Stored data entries
|---|
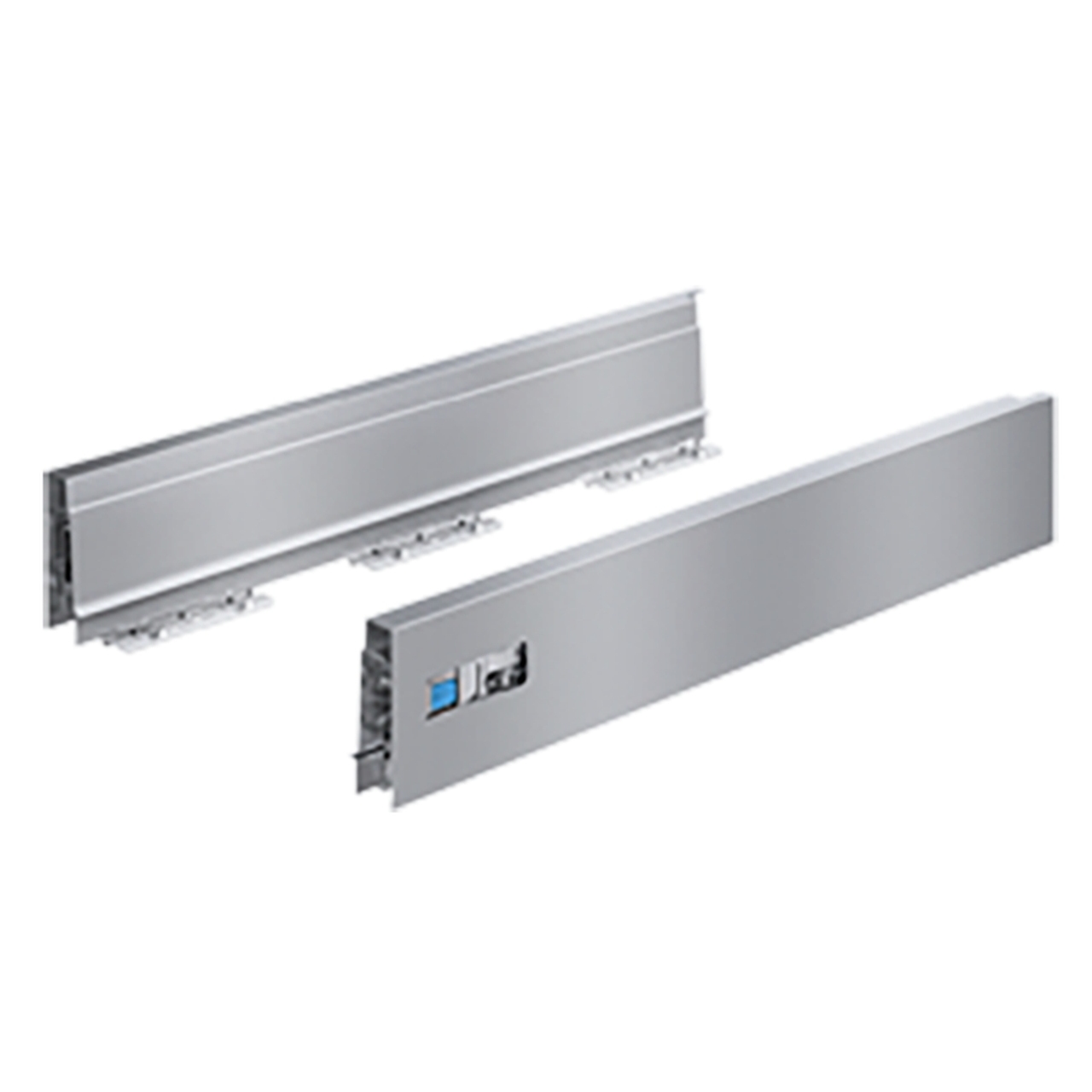 HETTICH Zarge InnoTech Atira, NL 470 mm / 70 mm, links, silber, 9194398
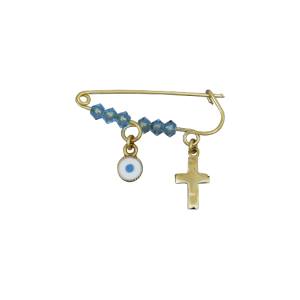 Χρυσό  φυλαχτό  για  αγόρι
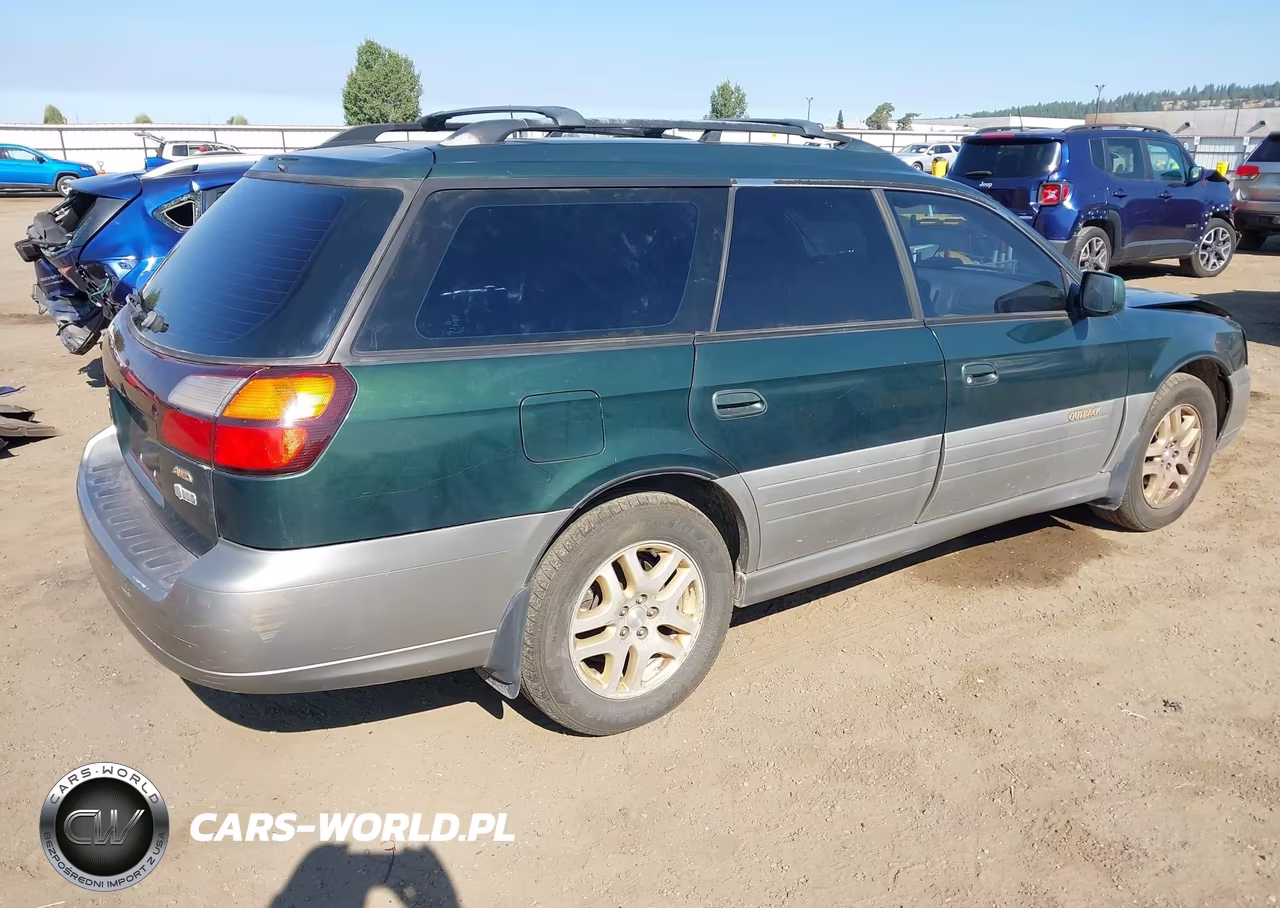 2000 Subaru Outback Limited VIN:4S3BH6869Y7607630 - 4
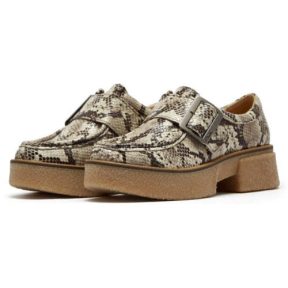 Clarks – Clarks Linoso Monk 26178680 – CL.GREY SNAKE LEA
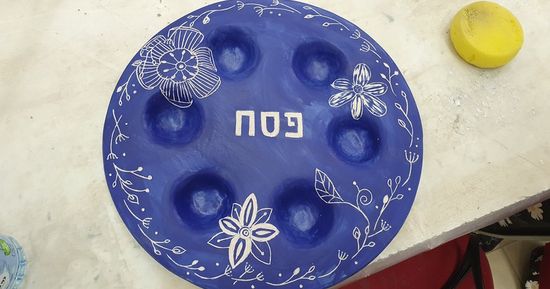 מזוזות מקרמיקה עבודת יד 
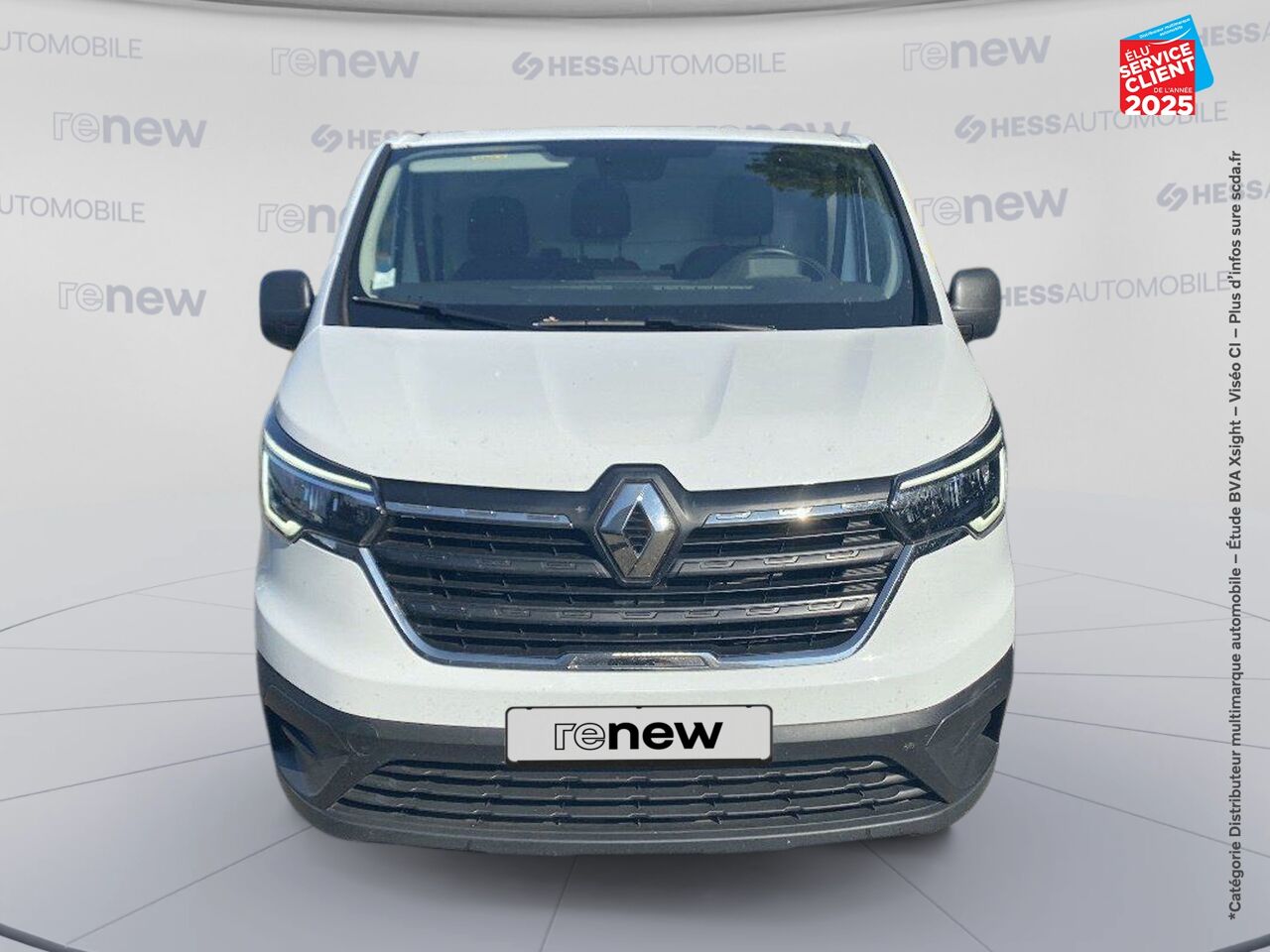 Véhicule d'occasion RENAULT TRAFIC FG L1H1 2T8 2.0 BLUE DCI 130CH CONFORT chez Renault Colmar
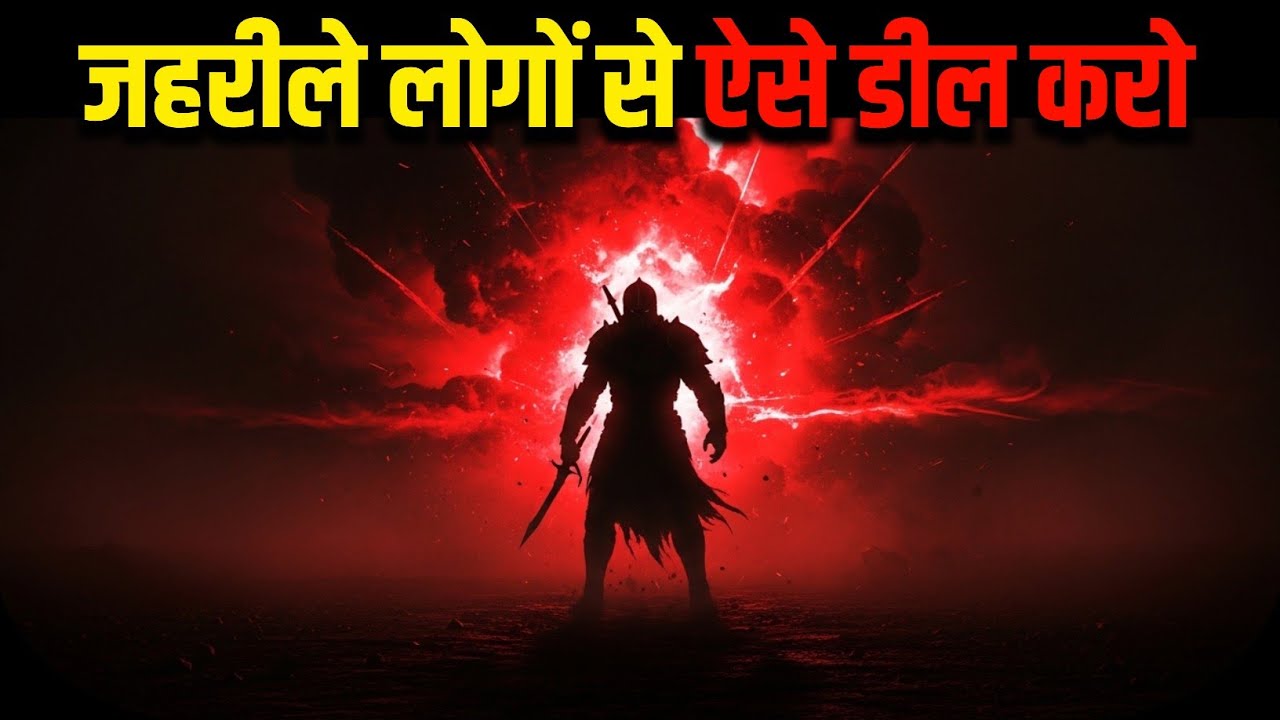 Toxic लोगों से निपटने का सबसे बढ़िया तरीका | The Smartest Way To Deal With Toxic People 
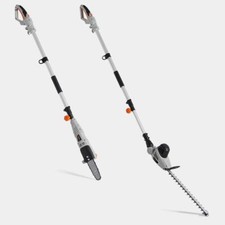 Kabelgebunden 2 in 1 Kettensäge Heckenschneider Gartenwerkzeug zum Selbermachen SR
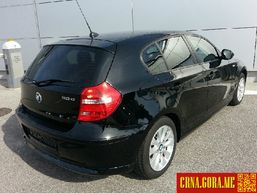Prodajem auto: BMW - 118 d 2010 godište, Podgorica - Vozila - Crna Gora
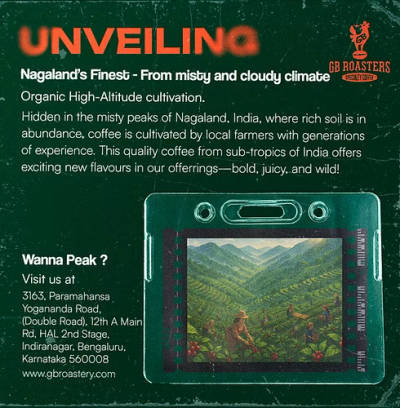 Naga Washed by GB Roasters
|---|
**What the task asks**.
Quote all the records verbatim, dropping any pictures from your copy.

**Result**.
 HETTICH Zarge InnoTech Atira, NL 470 mm / 70 mm, links, silber, 9194398
 Χρυσό  φυλαχτό  για  αγόρι
 2000 Subaru Outback Limited VIN:4S3BH6869Y7607630 - 4
 Clarks – Clarks Linoso Monk 26178680 – CL.GREY SNAKE LEA
 מזוזות מקרמיקה עבודת יד 
 Véhicule d'occasion RENAULT TRAFIC FG L1H1 2T8 2.0 BLUE DCI 130CH CONFORT chez Renault Colmar
 Toxic लोगों से निपटने का सबसे बढ़िया तरीका | The Smartest Way To Deal With Toxic People 
 Kabelgebunden 2 in 1 Kettensäge Heckenschneider Gartenwerkzeug zum Selbermachen SR
Prodajem auto: BMW - 118 d 2010 godište, Podgorica - Vozila - Crna Gora
 Naga Washed by GB Roasters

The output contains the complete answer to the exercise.